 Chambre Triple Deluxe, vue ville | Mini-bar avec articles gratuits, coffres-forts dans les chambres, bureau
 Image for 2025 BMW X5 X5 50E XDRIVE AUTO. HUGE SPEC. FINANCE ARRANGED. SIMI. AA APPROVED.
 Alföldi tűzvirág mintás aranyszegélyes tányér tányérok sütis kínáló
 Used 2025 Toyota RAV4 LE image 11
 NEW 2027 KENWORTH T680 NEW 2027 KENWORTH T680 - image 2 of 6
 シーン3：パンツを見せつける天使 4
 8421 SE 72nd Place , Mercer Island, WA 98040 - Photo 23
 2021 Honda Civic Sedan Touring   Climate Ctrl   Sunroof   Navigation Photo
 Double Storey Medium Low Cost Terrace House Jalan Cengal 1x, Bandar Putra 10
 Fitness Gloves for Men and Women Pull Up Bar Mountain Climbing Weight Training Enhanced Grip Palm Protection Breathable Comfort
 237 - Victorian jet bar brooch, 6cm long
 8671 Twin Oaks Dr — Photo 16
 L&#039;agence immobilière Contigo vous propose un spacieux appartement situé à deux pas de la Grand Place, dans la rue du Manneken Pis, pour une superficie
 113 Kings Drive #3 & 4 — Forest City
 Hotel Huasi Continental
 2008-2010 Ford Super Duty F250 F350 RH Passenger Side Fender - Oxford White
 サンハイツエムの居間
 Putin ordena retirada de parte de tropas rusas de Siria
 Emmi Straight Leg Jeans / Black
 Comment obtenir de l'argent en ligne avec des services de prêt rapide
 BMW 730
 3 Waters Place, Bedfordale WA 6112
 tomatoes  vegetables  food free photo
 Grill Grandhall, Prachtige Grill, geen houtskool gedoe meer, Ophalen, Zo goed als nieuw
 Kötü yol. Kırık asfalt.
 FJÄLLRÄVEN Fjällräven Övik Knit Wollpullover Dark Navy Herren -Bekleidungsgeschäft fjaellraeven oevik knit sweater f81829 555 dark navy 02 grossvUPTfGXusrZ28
****************
- **Task instructions**
Everything from the line containing "Kötü yol. Kırık asfalt." through the end of the entries above should be retyped exactly, and nothing else.

- **Task response**
 Kötü yol. Kırık asfalt.
 FJÄLLRÄVEN Fjällräven Övik Knit Wollpullover Dark Navy Herren -Bekleidungsgeschäft fjaellraeven oevik knit sweater f81829 555 dark navy 02 grossvUPTfGXusrZ28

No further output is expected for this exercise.